La France rejette encore beaucoup trop de pesticides dans l'environnement et notamment dans les nappes phréatiques.
Bruxelles vient d'ailleurs de condamner l'État français à 28 millions d'euros d'amende pour des dépassements de seuil de pollution sur neuf zones de captage d'eau en Bretagne. Et pourtant, les agriculteurs utilisent aujourd'hui nettement moins d'intrants qu'il y a dix ou vingt ans. D'après les industriels qui vendent ces produits, la vente de pesticides et autres fongicides a baissé de 13 % entre 1999 et 2006. Selon l'Union des industries de la protection des plantes (UIPP) qui représente les vendeurs de pesticides (produits phytopharmaceutiques) le marché en France est passé de 2,1 milliards d'euros en 1999 à 1,7 milliard en 2006. En volume, la chute est encore plus spectaculaire, puisque sur la même période la consommation des agriculteurs est passée de 120 000 tonnes à 71 000 en 2006. Toujours d'après l'UIPP, les agriculteurs baisseraient de 2,2 % par an leur consommation de produits phytosanitaires. Plusieurs facteurs expliquent cette tendance. Les règlements se sont nettement renforcés. « Les agriculteurs ne peuvent pas épandre quand ils veulent, où ils veulent.

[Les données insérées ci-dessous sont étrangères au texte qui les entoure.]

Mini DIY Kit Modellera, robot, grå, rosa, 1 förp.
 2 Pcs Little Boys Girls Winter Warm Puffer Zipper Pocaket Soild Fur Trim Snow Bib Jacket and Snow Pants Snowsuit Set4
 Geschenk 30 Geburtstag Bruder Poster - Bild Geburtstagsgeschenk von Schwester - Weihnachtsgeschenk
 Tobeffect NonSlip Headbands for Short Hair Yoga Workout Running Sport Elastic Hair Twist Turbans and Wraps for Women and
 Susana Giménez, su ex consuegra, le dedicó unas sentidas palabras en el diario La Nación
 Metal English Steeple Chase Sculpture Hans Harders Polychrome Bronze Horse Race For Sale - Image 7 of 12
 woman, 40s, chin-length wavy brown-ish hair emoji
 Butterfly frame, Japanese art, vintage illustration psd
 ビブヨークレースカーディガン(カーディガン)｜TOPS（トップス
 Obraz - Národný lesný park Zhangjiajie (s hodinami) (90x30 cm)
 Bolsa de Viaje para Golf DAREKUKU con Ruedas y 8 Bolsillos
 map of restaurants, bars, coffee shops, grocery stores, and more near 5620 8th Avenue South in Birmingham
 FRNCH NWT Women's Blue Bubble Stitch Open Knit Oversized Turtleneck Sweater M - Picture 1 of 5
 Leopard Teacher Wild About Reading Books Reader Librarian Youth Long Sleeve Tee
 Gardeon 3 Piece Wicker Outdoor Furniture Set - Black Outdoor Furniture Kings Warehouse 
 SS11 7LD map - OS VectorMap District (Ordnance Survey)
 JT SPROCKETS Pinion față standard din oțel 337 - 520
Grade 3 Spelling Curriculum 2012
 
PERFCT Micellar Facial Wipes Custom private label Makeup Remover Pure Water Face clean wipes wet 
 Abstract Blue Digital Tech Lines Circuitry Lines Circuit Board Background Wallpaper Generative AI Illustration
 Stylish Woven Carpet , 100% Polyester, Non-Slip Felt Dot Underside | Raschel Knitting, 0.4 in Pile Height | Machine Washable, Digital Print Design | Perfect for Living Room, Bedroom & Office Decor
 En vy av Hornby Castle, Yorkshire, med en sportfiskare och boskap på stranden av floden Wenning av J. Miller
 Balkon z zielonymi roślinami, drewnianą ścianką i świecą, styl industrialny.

Les périodes et les quantités de traitement sont de plus en plus encadrées et ont été renforcées avec la dernière loi sur l'eau », rappelle Antoine Crabit, en charge des questions économiques à l'UIPP. D'autant que pour responsabiliser davantage les agriculteurs, la loi sur l'eau, votée en décembre, a prévu une redevance liée à l'utilisation des produits phytosanitaires fondée sur le principe pollueur-payeur.
Concentration du marché
Les comportements agricoles évoluent aussi. Entre 1950 et 2000, les doses moyennes de pesticides ont diminué, passant de 1,3 kg par hectare à moins de 150 grammes
Cette évolution des mentalités mais surtout cette baisse structurelle des ventes de produits phytosanitaires oblige l'industrie à revoir ses modèles économiques. « Nous avons ces dernières années assisté à une concentration importante du marché », indique Antoine Crabit, de l'UIPP. Il y a une vingtaine d'acteurs aujourd'hui en France, alors qu'on en dénombrait le double il y a tout juste dix ans. La dernière société française du marché, Cerexagri, est d'ailleurs en train d'être rachetée par le géant indien United Phosphorus. Les 19 sociétés présentes en France sur ce secteur ont toutes une dimension internationale. Or « les contraintes environnementales dans les pays émergents ne sont pas les mêmes qu'en Europe », résume Antoine Crabit. Désormais, l'avenir des pesticides se joue en Asie.